Eby also appointed Andrew Mercier, a young rising star in his backbench, as parliamentary secretary in the forests ministry, to re-engage the sector.
“Andrew’s job will be to work with you to address those gaps between the trees that are available, and those with access to the tenure and fibre supply at operations big and small across the province,” Eby told the resources forum.
“The reason why I’ve asked Andrew to take on this important work is because I believe that the forestry industry is critically important to our province. I take the fibre supply issues that you’re facing deadly serious. I understand that communities depend on this, not just for direct jobs, but for all the spin-off jobs.”
‘The goal posts keep moving’
BC United leader Kevin Falcon, who listened to Eby’s speech in Prince George, scoffed at his promises.
“The biggest criticism you’ll hear is the goal posts keep moving,” said Falcon. “There’s so much uncertainty being created after seven years of this government. Permit paralysis is a huge problem. So what we’re seeing is capital fleeing the province.”
Falcon offered up his own natural resources plan, the centrepiece of which was an Indigenous loan guarantee program.
“I met with half a dozen chiefs that are very pro-LNG and they were very excited to hear about this program,” said Falcon.
“Because what it will do is provide loan guarantees to participating First Nations so they can be full equity partners for projects that will make sense for their communities, whether its oil and gas or mining or clean tech or IPPs (independent power projects).”
Falcon and Eby also duelled this week over expanding the electricity grid to meet future demand. Falcon promised to restore IPPs cancelled by the NDP government, to help generate new power. Though he also doubled down on natural gas as a viable fuel source for the future, something environmental groups have said will never allow the province to hits its climate targets.
Eby, in turn, unveiled a new 10-year capital plan for BC Hydro that added more than $10 billion in new upgrades and refurbishments to existing generating stations and lines, including added capacity from Prince George to Stikine. It fell short of a new high-capacity transmission line to the north coast to feed liquified natural gas terminals.

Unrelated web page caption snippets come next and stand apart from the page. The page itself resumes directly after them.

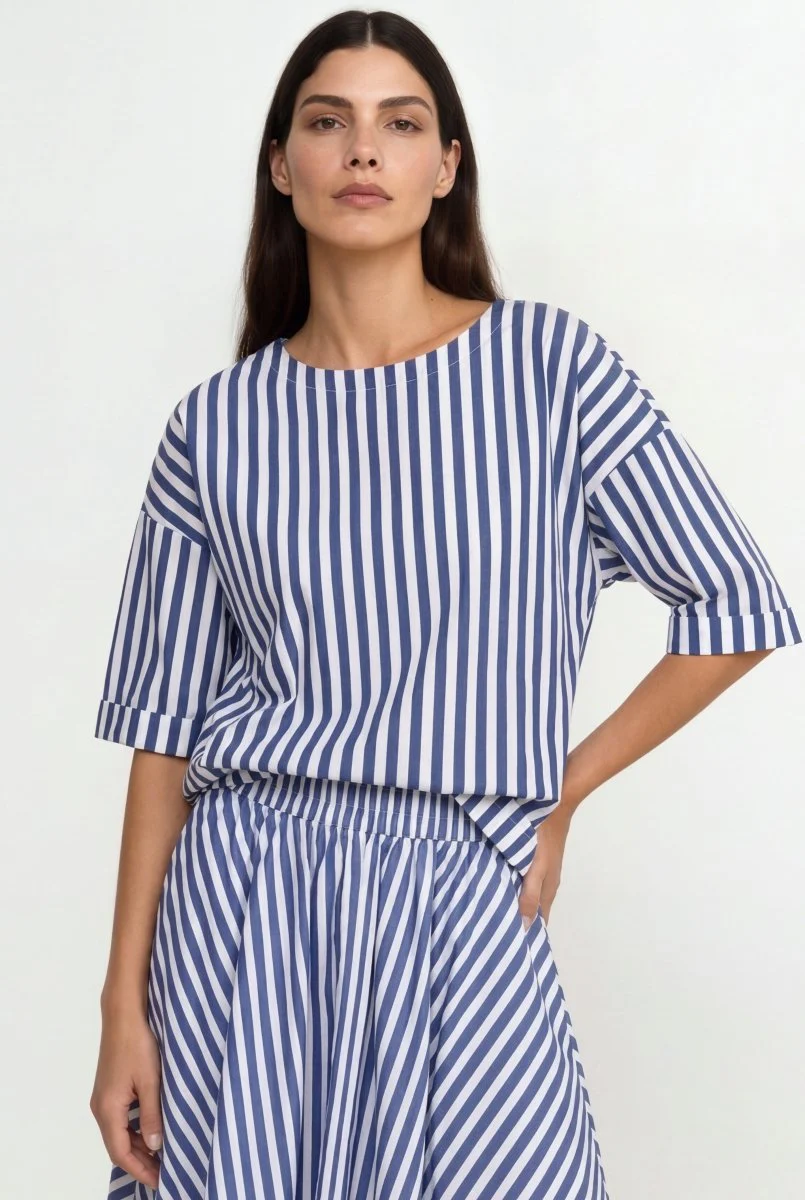 Gestreiftes Crop-Shirt - Image 5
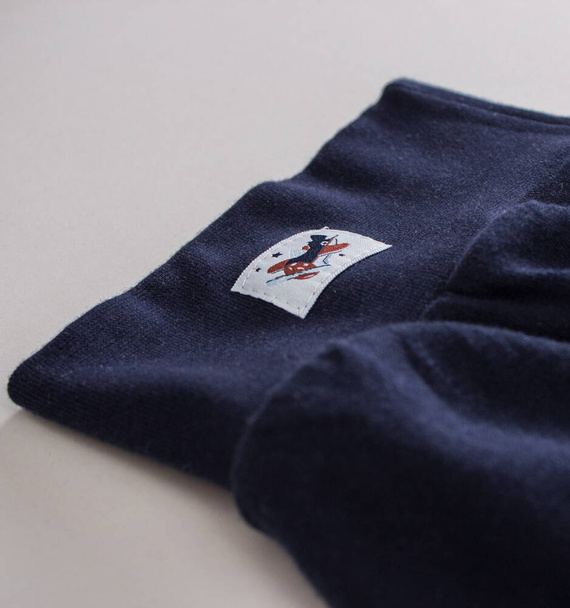 Półśpiochy z bawełny organicznej Samoloty Nini granatowy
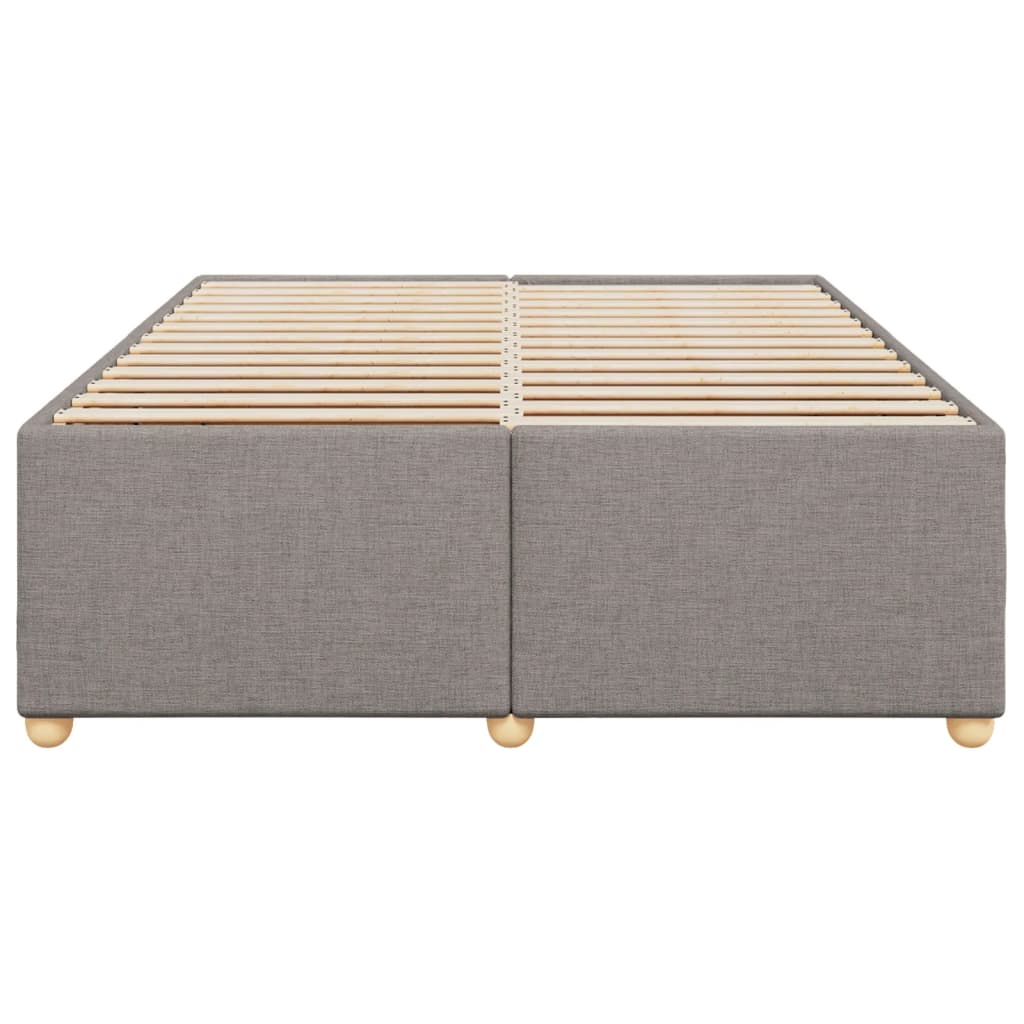 Bed Frame without Mattress Taupe 140 x 190 cm Fabric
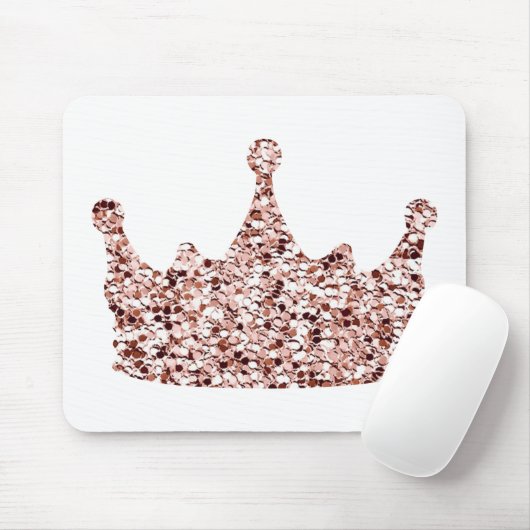 グリッターバラ金ゴールドクラウンクリップアートクイーンクリパートクラウン マウスパッド (マウス)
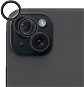 Kamera védő fólia Epico iPhone 15/15 Plus kamera védő fólia - alumínium, fekete - Ochranné sklo na objektiv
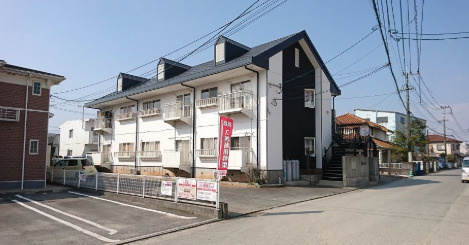 リパーサイド東合川【キャッシュバック対象の物件】の外観|落ち着いた雰囲気の外観です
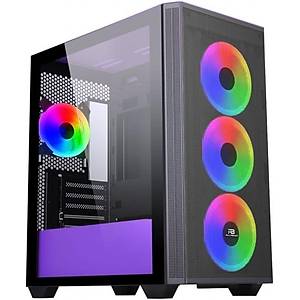 Powerboost PB-P2252BP ARGB Fanl� Mor Mikro ATX Oyuncu Kasas�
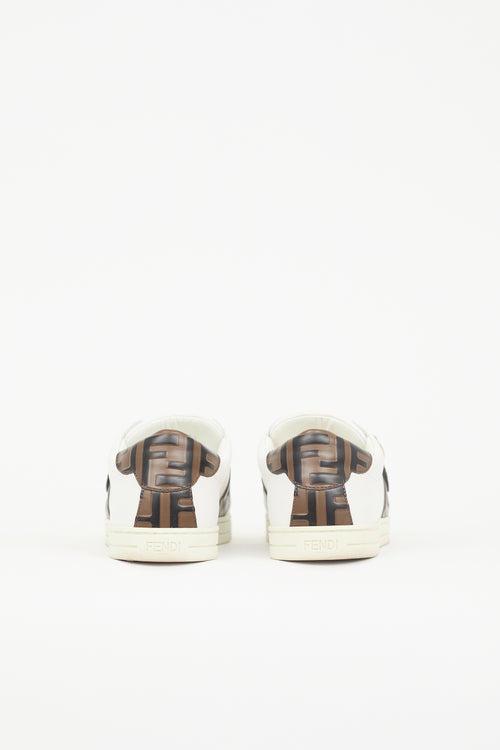Fendi Leather FF Buckle Sneaker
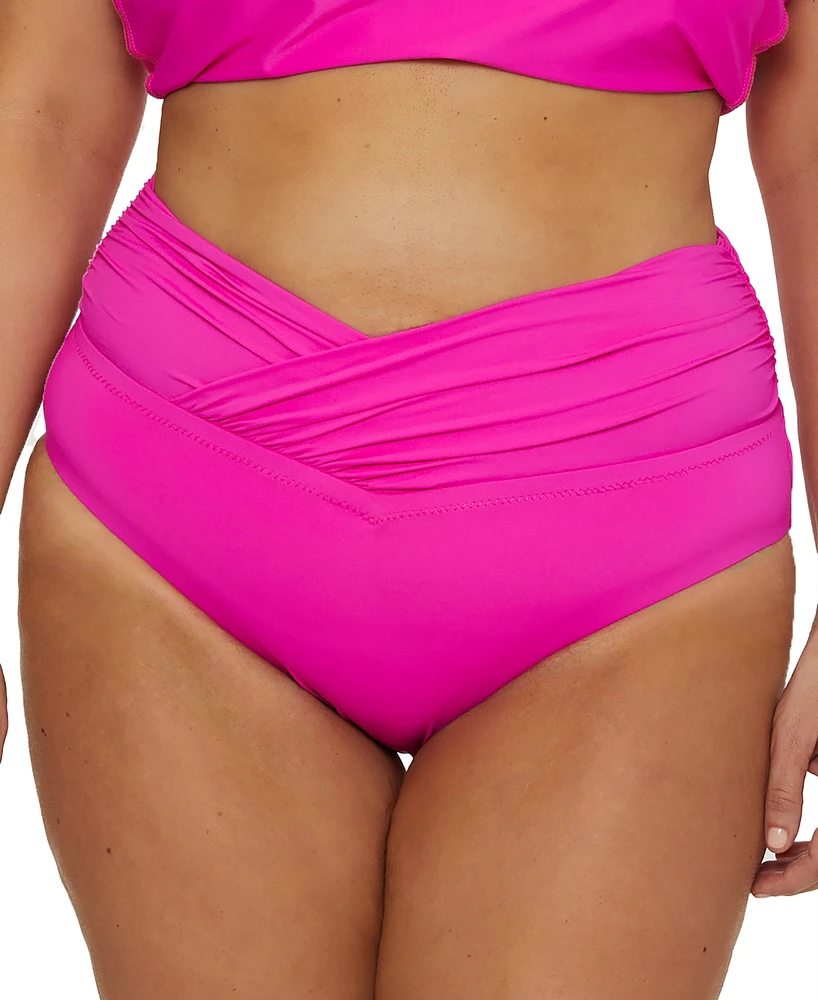 Becca Etc Plus Marble Canyon High Waist Bikini Bottoms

Meanwhile, back at the Truckloggers convention, the industry appealed to Eby to help with the existential crisis facing forestry.
“We have to get through to the community it’s okay to cut down trees?” Russell asked him.
“How do we change the perception?”
Eby said he’s open to new ideas, and new aid, to help the sector transition through difficult times.
“My success in politics has been listening and getting things done,” he said.
Both sectors say the premier’s doing a good job on the first part. On the second, though, they are still waiting hopefully.